We ought all to have gone to Vallombrosa today but were prevented by the weather. Moreover Pauline is ill again, and under the doctor.
Sunday afternoon Marguerite and I went to Boboli Gardens. It was too chilly for elaborate sketching. We met Jowett in the Gardens, and with him savoured the sculptures and the vistas. Then we all three went to the Piazza V. Emanuele, and drank, and listened to 'Zampa' and such things. Heavy sky, but swifts flying high. The Square was a great party of families.

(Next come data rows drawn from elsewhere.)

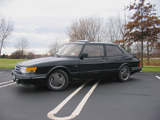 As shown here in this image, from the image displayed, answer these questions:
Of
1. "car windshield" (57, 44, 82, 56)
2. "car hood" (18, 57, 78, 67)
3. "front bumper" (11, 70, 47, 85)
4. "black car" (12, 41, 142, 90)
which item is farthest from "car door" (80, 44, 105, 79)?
"front bumper" (11, 70, 47, 85)

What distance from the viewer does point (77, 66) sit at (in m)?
5.00

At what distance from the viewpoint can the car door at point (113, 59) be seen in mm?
5764

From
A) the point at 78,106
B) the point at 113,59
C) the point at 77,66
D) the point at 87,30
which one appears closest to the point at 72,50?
the point at 77,66

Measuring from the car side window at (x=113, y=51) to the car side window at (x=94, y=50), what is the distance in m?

Most of the women are wearing half mourning in this hotel. This is because we received the news on Saturday of the death of the King. The moved silence in which it was received in the coffee-room was most remarkable. One middle-aged man had apparently some difficulty in not crying. Gaiety however is now unchecked, though many people are ill. I think that one of the things that have struck me in Florence & Brighton is the unpleasant expressions, & the ungainliness of the Anglo-Saxon women; their extraordinary unattractiveness. I saw three middle-aged American women meet & greet each other this morning, and the sight & sound were rather trying. (It is true I am slightly unwell.) What looks, what gestures, and what voices! But then I often feel that I myself, when alone, go about with a fixed unpleasing expression of disgust. I don't know why.
Yesterday morning Mr. Mock, Marguerite & I went up to S. Miniato again, and I finished my pastel.
This morning, being desoriente, I went to the Pitti. In the main it left me cold. It is an unpleasant & difficult place in which to see pictures, & quite half the pictures are n.g. Crowds of people in the place.